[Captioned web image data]
━━━━━━━━━━━━━━━━
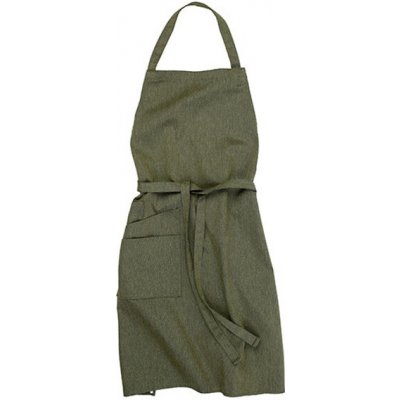 Cg Workwear Gorizia Unisex gastro zástěra 01170-36 Green Melange 90x75 cm – Hledejceny.cz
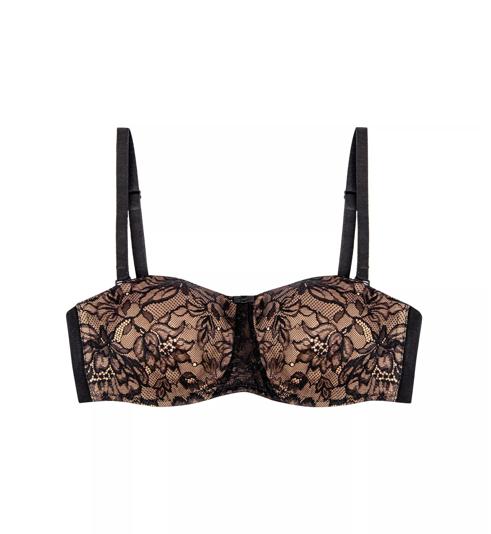 Triumph AMOURETTE CHARM STRAPLESS BRA - Black - Strapless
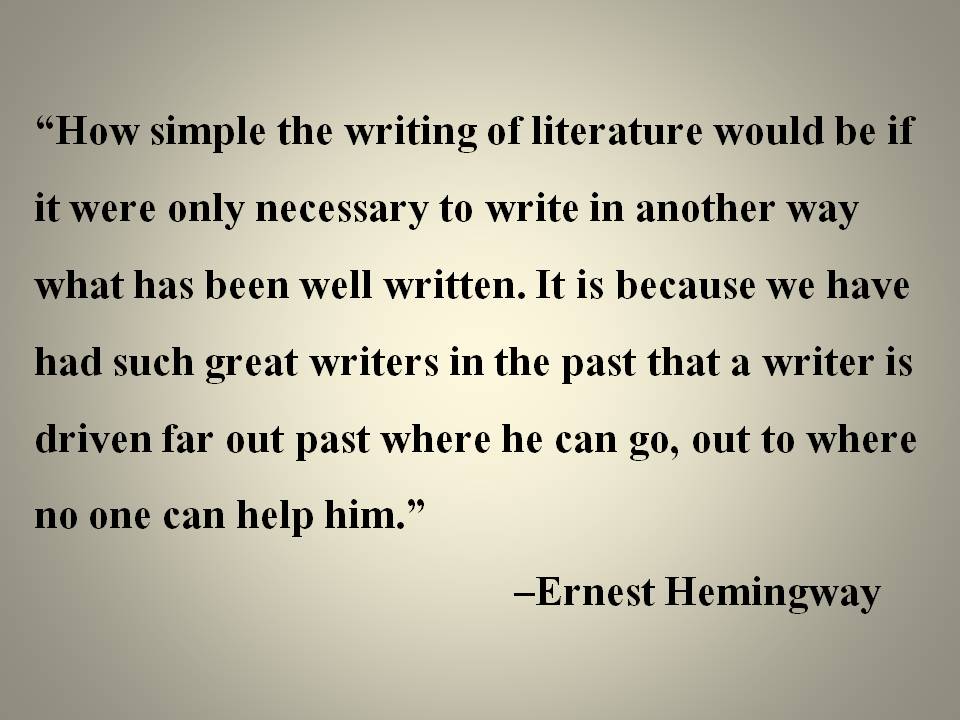 Famous Quotes About Writing Poetry Quotesgram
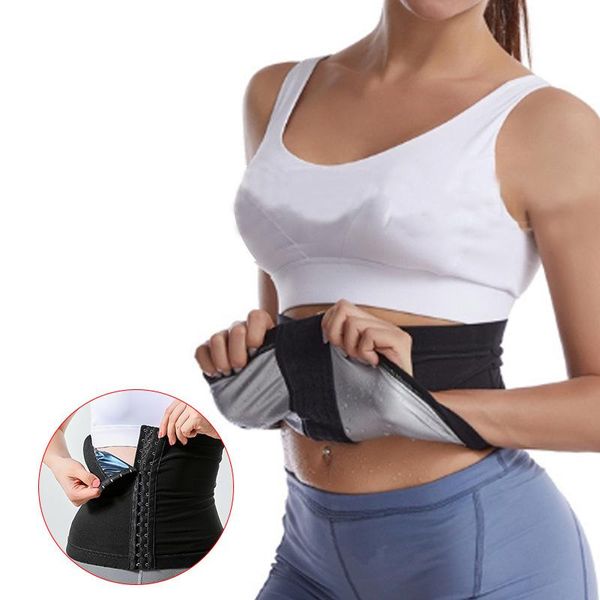 women's shapers adjustable body sculpting belt running fat burning fitness equipment silver ion coating anti-sweat waist support, Black;white
women's shapers adjustable body sculpting belt running fat burning fitness equipment silver ion coating anti-sweat waist support, Black;white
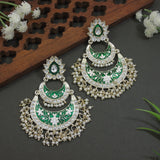 Mumtaz Green Earrings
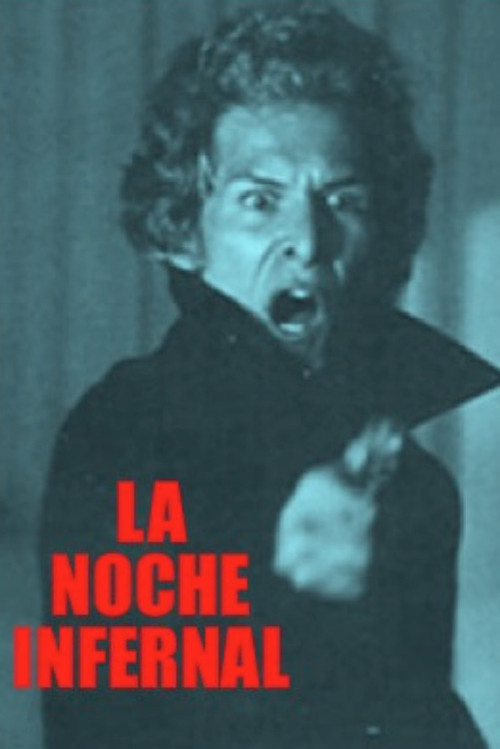 Movie poster for A Hellish Night (1982)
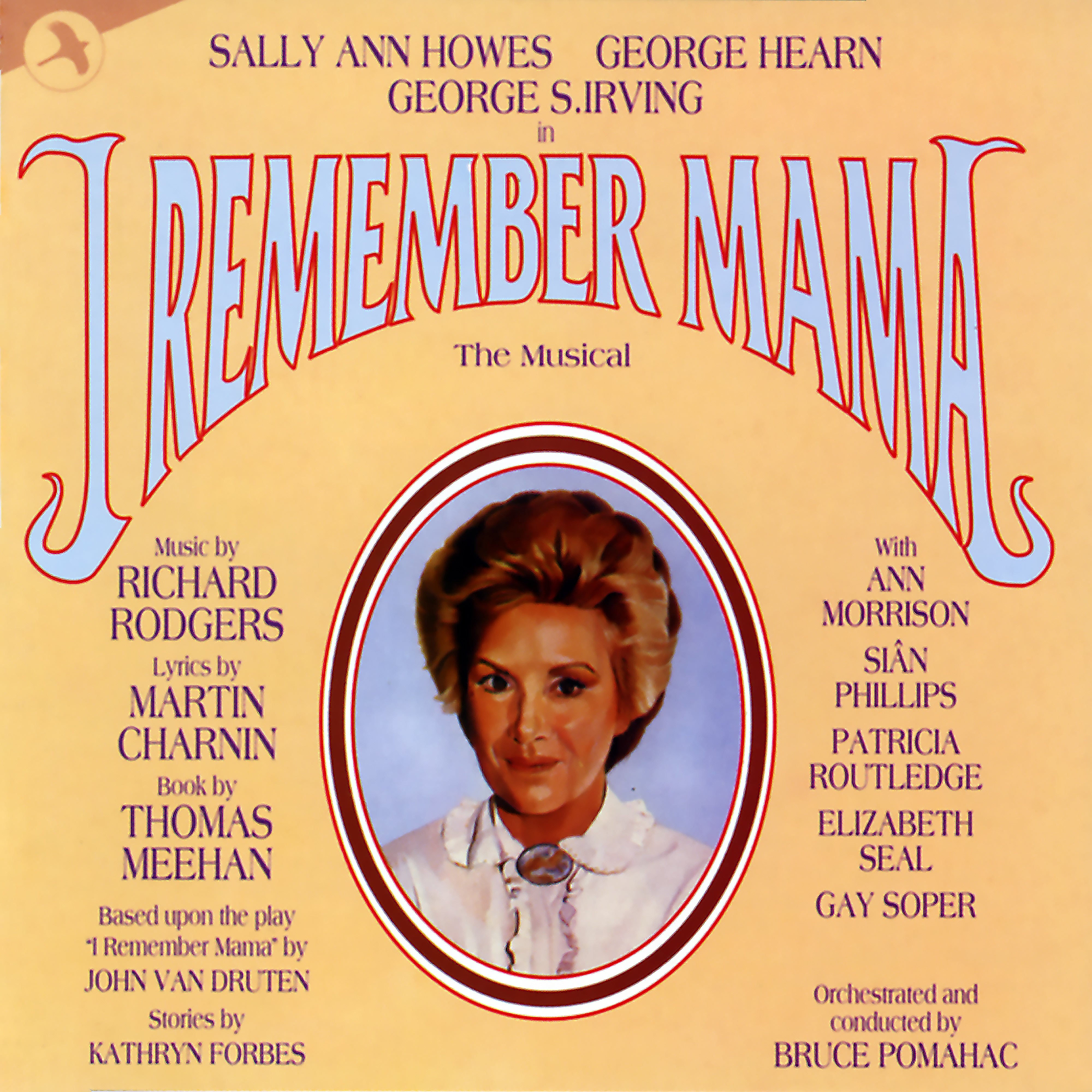Original Studio Cast - I Remember Mama (CD)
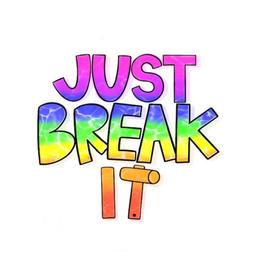 Just break it logo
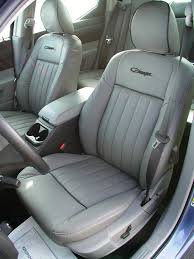 Custom Automotive Leather Seats With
━━━━━━━━━━━━━━━━
# TASK
Your answer must be exactly the lines from the one with "Movie poster for A Hellish Night (1982)" through the final line of the data, with no pictures in it.

# WORKED SOLUTION
 Movie poster for A Hellish Night (1982)
Original Studio Cast - I Remember Mama (CD)
 Just break it logo
 Custom Automotive Leather Seats With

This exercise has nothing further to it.